For three decades, the United Nations has demonstrated its commitment to climate change action in the form of an annual meeting called the Conference of Parties, or COP. This November 6-18, almost 200 countries are convening in Sharm el Sheikh, Egypt to negotiate consequential decisions on climate commitments.  Since the first UN COP in 1992, the issue of climate change and its harmful effects have become increasingly daunting and urgent. With past conferences being a rollercoaster of successes, failures, and postponements, we’ve reached a critical point for action. As the world anxiously awaits, some of us are still asking what is COP and its place in the UN’s fight against climate change? What are its goals? What are its successes and short-comings? Answering these questions will help us better understand what may follow COP27. 

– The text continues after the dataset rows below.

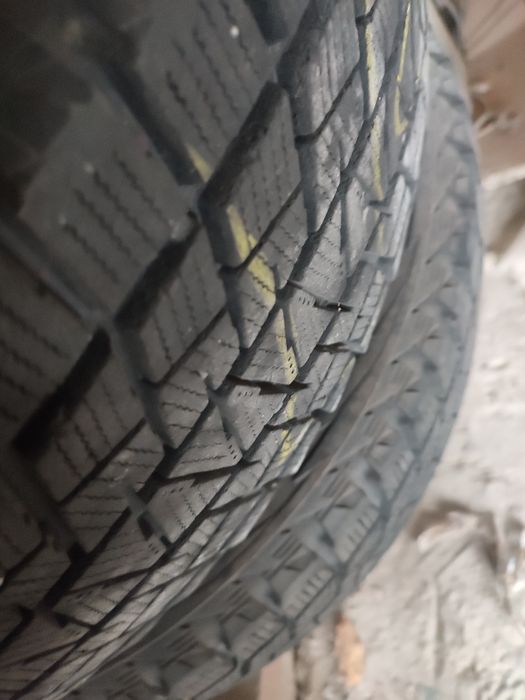 Продам зимние шины 225/65/17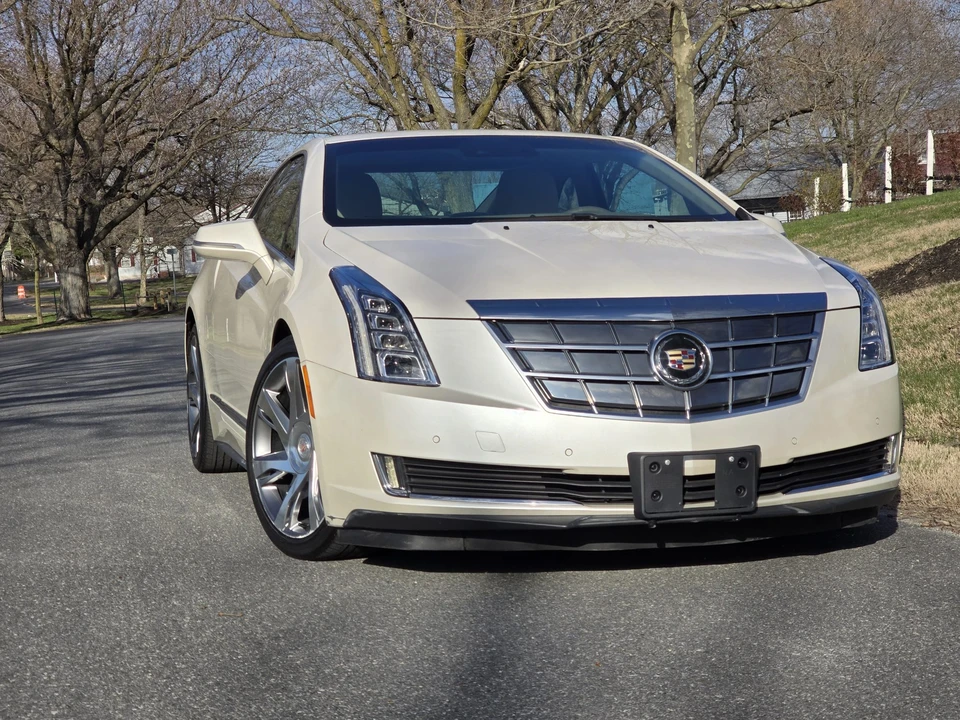 2014 Cadillac ELR - Image 15 of 31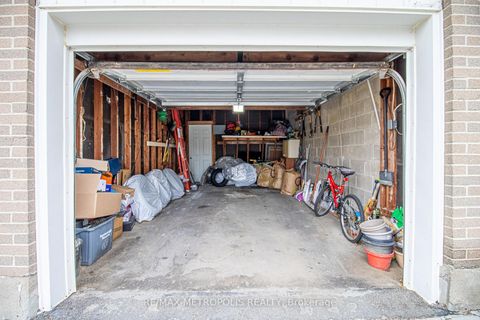 Photo 38 at 37 Albacore Crescent, Woburn, Toronto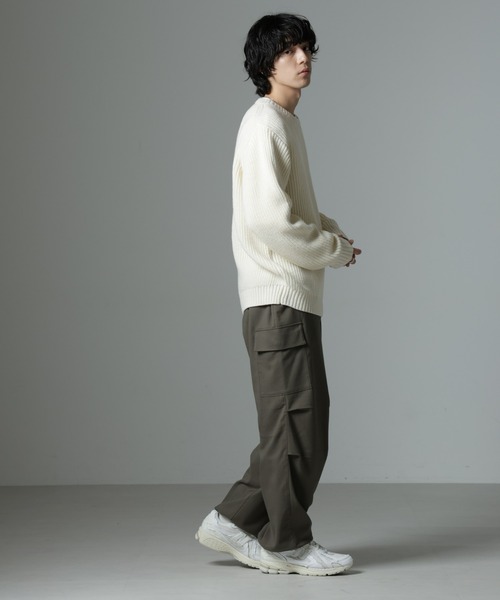 NANO universe（ナノユニバース）の「リラックス畦ニット（ニット/セーター・メンズ・ブラック/ホワイト/チャコール・L/M）」の8枚目の写真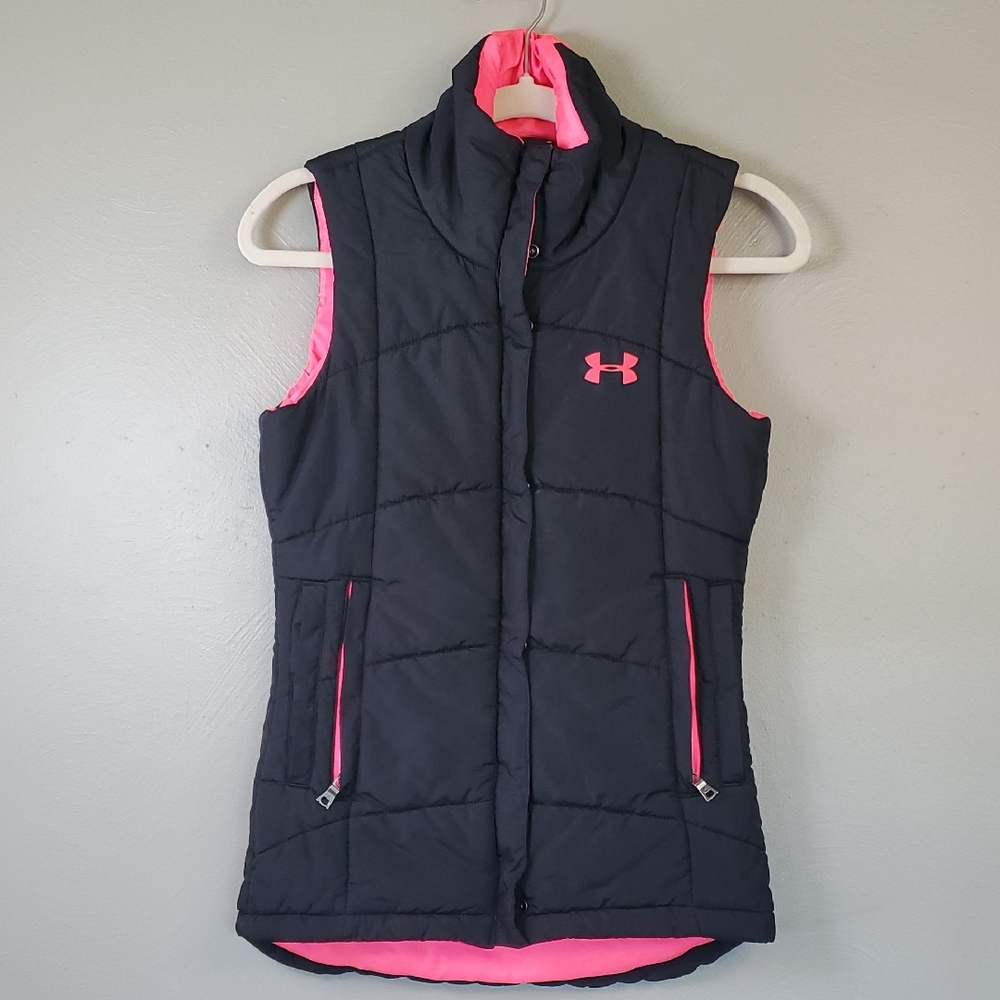 Under Armour Women's Black Vest with Pink Accents. Size XS, Semi Fitted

COP: Why do we have it and how does it work?

COPs, also referred to as global climate summits, are made up of 197 countries and are also represented by an assortment of climate experts, government officials, and heads of state alongside  non-governmental, public and private stakeholders engaged in environmental and civil society. The purpose of COP is to bolster effective climate change action on an international level, done mainly through commitments or agreements made nationally that aid other countries. At its core, COP reflects the level at which the international community prioritizes efforts to combat climate change. 

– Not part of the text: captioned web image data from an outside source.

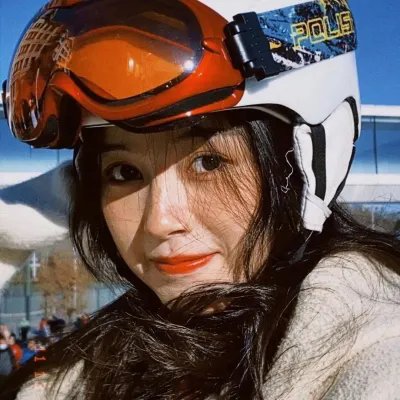 鸦林镇疯人怨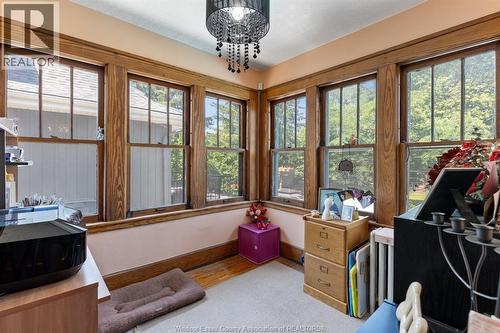 858 Chilver, Windsor, ON 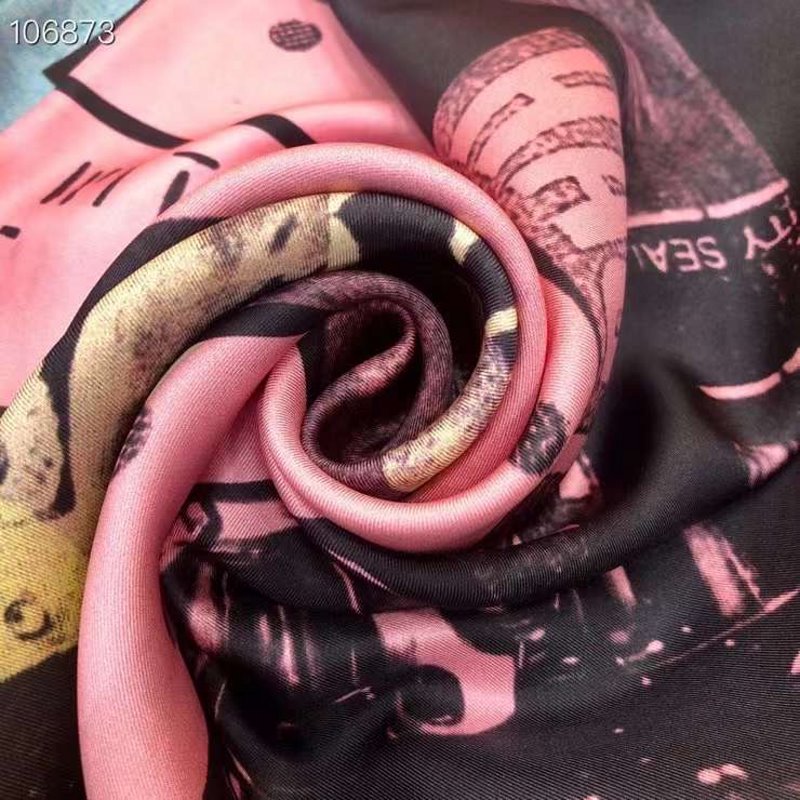 Louis Vuitton Muberry Silk Scarf SS001312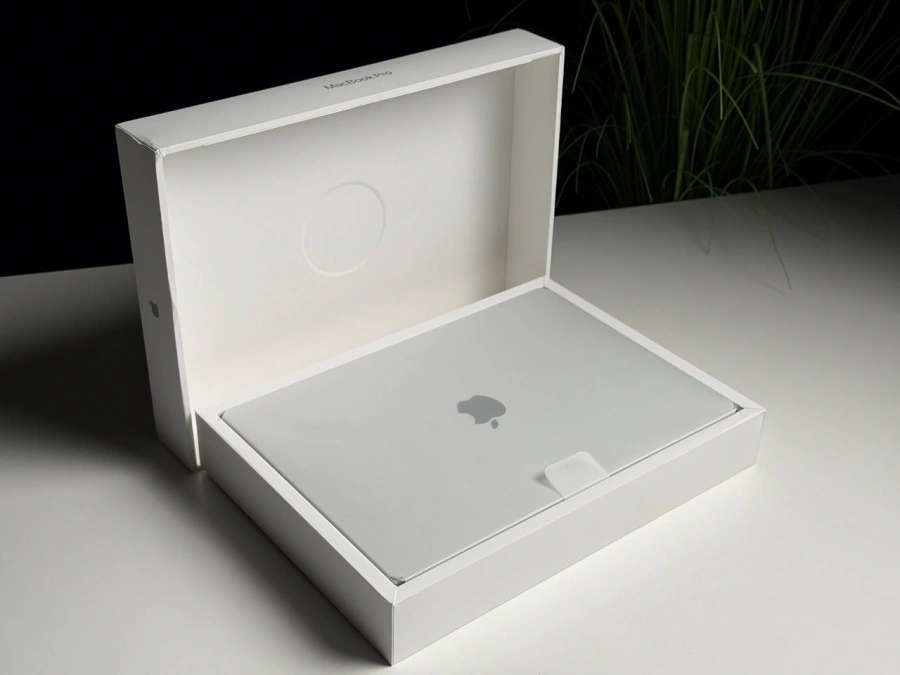 УЦЕНКА Apple MacBook Pro 16" M5 Max/18CPU/32GPU/36GB/2TB Silver 2026 (MGE74) - Состояние: новое, не активированное | Аккумулятор: 100% | Комплектация: полный | Гарантия: 3 мес.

These efforts began in 1992 as a response to the end of the Cold War. Without the threat of communism from the Soviet Union, allied countries wanted to redefine global priorities and improve relationships across nations within the context of a more connected world. UN member states began to take a second look at how the world was organized. Primarily, they were concerned with economic development and poverty among developing nations. The Stockholm Conference of 1972 made clear that rapid human development was linked to environmental degradation and eventual depletion. This led the UN to focus on environment and sustainability in the context of global development. As a result, the ‘Earth Summit’ of 1992 was held in Rio de Janeiro, Brazil, with representatives from 179 countries focused on addressing varied social, economic, and environmental interests towards a newly cooperative world. One of the summit’s many achievements was the adoption of the United Nations Framework Convention on Climate Change (UNFCCC), an internationally established treaty that recognizes the issue of climate change due to human activity and places the responsibilities to combat climate change on industrialized countries. A COP was then created to be the ‘final say’ on any decisions made regarding  UNFCCC. The parties consist of UN nations who voluntarily participate in the conference and are tasked with reviewing and implementing any decisions adopted by the COP at-large to address global climate concerns. 

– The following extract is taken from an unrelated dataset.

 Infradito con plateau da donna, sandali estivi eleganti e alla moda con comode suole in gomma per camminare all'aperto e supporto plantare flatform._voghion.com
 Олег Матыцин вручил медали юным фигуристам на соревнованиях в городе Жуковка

The meetings that take place during the conference are based on months of preparation in which UN staff and other experts provide context for any possible meeting topics through research, discussion papers, and policy proposals. The research and background provided informs countries on how to best negotiate over new and existing agreements. At the end, a joint statement is produced that all the parties agree on, detailing the outcomes of the conference.

Is COP working?

Since the first COP in 1995, the international community has made several commitments to improve international climate change action. The most important agreements to date have been the Kyoto Protocol in 1997,  the Paris Agreement in 2015, and the Doha Amendment (an additional provision to the Kyoto Protocol). Under the Kyoto Protocol, countries acknowledged the responsibility industrialized nations and economies have in limiting and reducing greenhouse gasses (GHGs), and asked countries to adopt and report on their mitigation policies. COP21 produced the monumental Paris Agreement, a legally binding international treaty in which all parties agreed to limit global warming to 2 degrees and pursue efforts  to limit even further to 1.5 degrees. To achieve this goal, countries were instructed to develop Nationally Determined Contributions, which essentially act as national emission reduction plans. In addition to their individual commitments, the parties also agreed to meet every five years with an updated plan to reassess goals and priorities that were previously agreed upon. The Doha Agreement, amended the Kyoto Protocol, seeked to ramp up the previously set goals for emissions reduction. In the amendment, countries agreed to an 18% reduction in GHG emissions, compared to the goal of 5% reduction set in 1990. Other COPs have seen successes like increases in formalized commitments, financial support from rich countries, and recognition of women and other marginalized groups.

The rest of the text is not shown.